Que el 2 de diciembre de 1975 salió a Washington, DC, siendo el objeto principal de este viaje el entrevistarse con el doctor Orlando Letelier, ex secretario de la Defensa de la República de Chile, quien le proporcionaría material no determinado para analizarlo y dictaminar si era publicable o no.

Que el día 10 de diciembre hizo su arribo a esta capital habiéndose entrevistado con el Sr. Regino Díez, quien le comentó haber tenido una grata experiencia con el sr. Presidente de la República, ya que durante la entrega de premios a periodistas, el 9 de este mes, fue el primero en recibirlo.
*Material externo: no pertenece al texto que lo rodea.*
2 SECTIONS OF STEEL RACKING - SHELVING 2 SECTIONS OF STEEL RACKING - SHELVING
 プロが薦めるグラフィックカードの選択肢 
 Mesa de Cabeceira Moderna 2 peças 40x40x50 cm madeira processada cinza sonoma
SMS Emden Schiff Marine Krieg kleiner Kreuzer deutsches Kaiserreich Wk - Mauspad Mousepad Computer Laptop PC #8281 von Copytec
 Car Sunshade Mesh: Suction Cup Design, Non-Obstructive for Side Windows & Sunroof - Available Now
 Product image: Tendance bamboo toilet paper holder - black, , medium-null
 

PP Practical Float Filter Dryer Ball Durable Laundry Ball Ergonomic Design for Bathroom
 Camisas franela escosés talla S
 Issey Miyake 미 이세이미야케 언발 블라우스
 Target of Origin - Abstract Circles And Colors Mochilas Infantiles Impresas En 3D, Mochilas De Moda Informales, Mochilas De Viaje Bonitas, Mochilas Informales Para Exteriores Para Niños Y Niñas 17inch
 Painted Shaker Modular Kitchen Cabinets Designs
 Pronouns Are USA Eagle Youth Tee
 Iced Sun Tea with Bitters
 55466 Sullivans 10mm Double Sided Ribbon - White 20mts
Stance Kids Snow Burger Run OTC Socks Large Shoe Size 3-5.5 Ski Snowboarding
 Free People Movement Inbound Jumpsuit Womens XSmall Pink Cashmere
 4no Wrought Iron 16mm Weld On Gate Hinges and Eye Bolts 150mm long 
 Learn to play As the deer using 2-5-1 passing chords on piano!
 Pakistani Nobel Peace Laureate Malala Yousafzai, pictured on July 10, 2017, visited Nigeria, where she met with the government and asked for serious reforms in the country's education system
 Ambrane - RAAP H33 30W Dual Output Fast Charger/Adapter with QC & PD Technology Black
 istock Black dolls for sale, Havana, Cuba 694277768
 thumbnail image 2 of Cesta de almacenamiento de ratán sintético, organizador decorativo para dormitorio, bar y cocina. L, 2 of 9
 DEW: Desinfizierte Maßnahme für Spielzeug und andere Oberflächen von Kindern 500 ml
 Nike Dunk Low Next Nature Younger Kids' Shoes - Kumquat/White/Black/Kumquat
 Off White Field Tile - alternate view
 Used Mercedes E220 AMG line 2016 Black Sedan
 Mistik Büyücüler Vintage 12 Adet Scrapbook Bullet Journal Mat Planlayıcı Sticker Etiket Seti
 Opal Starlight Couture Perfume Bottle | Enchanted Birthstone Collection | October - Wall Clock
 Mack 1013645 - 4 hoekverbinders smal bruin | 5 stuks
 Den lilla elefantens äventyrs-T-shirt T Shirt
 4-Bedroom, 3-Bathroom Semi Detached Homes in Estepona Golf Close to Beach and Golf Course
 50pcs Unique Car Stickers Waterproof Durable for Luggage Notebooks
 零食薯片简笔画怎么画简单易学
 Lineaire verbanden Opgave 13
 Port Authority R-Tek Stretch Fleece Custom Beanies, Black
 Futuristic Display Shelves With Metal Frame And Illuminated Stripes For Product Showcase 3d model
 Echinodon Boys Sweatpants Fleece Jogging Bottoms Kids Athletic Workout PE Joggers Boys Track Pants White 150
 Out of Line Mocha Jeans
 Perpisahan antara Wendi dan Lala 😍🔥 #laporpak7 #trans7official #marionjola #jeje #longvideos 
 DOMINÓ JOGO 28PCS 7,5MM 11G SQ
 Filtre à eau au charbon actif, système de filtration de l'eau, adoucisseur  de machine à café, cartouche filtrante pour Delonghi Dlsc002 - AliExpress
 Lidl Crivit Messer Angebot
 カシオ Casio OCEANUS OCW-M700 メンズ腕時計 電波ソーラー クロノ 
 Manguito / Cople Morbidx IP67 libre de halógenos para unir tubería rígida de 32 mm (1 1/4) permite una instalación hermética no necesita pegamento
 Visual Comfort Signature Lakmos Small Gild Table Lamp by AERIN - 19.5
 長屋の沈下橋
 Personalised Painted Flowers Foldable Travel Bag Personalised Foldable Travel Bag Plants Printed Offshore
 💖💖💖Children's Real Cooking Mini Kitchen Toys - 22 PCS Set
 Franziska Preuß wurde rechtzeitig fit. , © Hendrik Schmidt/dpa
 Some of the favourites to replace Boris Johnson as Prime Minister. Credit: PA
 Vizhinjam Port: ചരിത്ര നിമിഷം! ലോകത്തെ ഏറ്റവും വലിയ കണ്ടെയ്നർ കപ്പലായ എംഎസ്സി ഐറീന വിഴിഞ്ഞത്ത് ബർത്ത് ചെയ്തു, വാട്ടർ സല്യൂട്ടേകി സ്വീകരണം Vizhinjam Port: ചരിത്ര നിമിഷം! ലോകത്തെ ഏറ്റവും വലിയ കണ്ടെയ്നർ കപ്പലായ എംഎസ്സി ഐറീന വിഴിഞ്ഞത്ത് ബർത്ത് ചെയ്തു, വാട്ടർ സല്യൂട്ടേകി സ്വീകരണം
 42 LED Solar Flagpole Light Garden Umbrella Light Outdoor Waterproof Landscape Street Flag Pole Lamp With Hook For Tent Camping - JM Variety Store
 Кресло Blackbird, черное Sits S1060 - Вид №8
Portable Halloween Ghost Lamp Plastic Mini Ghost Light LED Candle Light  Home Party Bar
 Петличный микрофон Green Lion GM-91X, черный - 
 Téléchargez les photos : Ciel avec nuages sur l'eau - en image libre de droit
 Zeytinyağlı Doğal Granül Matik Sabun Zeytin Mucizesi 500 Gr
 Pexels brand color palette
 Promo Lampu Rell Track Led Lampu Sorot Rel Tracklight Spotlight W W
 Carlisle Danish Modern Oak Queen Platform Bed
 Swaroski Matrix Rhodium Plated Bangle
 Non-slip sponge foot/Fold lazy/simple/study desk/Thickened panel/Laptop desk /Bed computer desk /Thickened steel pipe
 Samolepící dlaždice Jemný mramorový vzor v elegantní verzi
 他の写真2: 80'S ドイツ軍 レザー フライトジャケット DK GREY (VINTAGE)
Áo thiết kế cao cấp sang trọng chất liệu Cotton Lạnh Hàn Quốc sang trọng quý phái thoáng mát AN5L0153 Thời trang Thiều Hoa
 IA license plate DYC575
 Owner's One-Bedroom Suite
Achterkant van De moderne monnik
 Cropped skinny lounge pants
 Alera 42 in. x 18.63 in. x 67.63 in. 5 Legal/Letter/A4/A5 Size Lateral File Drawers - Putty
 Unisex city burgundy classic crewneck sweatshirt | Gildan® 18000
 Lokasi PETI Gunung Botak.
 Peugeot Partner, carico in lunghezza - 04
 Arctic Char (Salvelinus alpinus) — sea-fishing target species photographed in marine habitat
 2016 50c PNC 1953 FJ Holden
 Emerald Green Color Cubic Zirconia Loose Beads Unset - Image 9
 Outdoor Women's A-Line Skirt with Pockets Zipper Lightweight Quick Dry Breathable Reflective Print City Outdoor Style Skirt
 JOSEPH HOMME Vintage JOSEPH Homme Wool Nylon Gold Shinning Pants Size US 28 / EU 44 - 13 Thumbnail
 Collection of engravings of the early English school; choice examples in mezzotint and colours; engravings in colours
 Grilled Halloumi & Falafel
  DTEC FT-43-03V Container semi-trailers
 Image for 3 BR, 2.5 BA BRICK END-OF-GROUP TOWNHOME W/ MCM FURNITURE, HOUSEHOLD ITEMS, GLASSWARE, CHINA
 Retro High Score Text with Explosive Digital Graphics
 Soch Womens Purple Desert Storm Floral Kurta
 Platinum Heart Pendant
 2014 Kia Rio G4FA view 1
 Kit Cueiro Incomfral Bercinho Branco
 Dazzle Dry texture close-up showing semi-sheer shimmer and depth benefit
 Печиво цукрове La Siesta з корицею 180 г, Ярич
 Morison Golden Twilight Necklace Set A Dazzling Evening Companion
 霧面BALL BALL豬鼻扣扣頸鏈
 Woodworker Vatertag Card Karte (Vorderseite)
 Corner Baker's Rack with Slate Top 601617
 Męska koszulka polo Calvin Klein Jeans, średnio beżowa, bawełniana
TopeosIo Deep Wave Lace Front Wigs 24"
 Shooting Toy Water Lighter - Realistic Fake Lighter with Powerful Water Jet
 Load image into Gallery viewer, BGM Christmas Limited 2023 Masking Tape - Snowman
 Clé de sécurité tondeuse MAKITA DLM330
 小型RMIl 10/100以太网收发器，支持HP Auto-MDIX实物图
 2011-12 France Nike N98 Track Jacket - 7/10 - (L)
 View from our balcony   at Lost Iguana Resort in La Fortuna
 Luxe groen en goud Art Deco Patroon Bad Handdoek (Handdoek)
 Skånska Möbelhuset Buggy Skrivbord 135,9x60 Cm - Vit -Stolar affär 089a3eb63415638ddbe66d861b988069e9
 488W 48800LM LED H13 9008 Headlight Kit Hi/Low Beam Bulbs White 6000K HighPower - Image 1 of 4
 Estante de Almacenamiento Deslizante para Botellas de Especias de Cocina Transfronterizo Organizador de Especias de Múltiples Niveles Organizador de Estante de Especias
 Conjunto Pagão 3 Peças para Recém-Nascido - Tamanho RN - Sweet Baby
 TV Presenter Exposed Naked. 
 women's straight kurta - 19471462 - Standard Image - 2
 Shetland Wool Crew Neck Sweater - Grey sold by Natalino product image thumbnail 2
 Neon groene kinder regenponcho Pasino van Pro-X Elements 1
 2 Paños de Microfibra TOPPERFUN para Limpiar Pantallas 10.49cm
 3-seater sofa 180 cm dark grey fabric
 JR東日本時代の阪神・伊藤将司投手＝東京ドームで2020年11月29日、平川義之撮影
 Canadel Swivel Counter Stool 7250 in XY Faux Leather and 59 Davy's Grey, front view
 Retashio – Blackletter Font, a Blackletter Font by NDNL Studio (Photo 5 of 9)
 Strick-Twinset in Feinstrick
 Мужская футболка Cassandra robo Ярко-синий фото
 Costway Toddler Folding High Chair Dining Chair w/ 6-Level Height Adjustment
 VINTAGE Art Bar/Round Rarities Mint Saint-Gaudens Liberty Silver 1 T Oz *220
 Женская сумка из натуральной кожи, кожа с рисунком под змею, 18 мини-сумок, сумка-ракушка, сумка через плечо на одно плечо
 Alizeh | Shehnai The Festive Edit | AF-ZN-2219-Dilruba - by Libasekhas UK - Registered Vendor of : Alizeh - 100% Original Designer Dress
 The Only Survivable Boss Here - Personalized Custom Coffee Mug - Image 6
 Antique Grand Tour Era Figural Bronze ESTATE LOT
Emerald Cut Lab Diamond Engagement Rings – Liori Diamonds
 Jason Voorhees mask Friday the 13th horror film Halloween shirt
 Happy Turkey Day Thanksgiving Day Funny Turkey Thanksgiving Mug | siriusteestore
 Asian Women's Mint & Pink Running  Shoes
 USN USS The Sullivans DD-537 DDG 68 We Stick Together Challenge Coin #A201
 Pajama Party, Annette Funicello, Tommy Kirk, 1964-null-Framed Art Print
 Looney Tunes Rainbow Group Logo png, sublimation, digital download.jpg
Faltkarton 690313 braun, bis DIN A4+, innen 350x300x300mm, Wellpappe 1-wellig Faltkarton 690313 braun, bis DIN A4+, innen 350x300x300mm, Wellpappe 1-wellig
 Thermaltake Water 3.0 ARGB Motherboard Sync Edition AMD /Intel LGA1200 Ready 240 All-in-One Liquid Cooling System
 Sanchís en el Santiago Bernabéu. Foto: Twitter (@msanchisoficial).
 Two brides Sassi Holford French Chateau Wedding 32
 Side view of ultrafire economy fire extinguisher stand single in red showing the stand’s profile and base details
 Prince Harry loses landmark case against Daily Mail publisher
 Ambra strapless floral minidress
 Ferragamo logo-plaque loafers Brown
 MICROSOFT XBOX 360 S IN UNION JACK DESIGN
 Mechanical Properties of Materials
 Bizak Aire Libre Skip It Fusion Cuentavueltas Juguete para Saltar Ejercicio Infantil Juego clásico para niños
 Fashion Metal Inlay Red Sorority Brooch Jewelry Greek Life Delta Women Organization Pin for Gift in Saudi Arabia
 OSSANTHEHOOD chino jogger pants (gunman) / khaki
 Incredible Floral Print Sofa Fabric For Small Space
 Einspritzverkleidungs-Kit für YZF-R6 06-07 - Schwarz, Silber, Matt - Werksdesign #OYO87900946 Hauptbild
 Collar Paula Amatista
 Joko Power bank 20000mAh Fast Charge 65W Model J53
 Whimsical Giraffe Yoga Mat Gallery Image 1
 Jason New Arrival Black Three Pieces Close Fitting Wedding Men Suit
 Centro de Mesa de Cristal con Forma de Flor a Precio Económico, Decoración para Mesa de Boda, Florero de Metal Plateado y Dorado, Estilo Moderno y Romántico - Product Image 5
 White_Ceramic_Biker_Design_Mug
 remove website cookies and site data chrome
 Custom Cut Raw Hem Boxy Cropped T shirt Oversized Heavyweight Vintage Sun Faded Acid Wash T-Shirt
Que Fausto Zapata Loredo, subsecretario de la Presidencia, le comentó el 12 de diciembre de 1975, desde Nueva York, EU, que en la ONU “se pugnaba por reafirmar que la Carta de los Deberes y Derechos Económicos de los Estados es uno de los fundamentos esenciales de un nuevo orden económico”.

Apenas unos folios más adelante, con fecha del 17 de febrero de 1976, se acepta con todas sus letras el espionaje sobre Scherer y cómo el seguimiento se vuelve más puntual, casi por hora:

El investigado acostumbra salir de su domicilio entre las 7.30 y las 8.00 horas para dirigirse al Deportivo Chapultepec, ubicado en las calles de Mariano Escobedo de esta ciudad, donde permanece hasta las 11.00a 11.30, para trasladarse posteriormente a sus oficinas del Periódico Excélsior, saliendo de estas alrededor de las 15.00 hs. en donde en ocasiones acude a su domicilio y permanece entre las 17.30 y 18.00 para posteriormente atender sus reuniones de trabajo y sociales, no teniendo una rutina fija.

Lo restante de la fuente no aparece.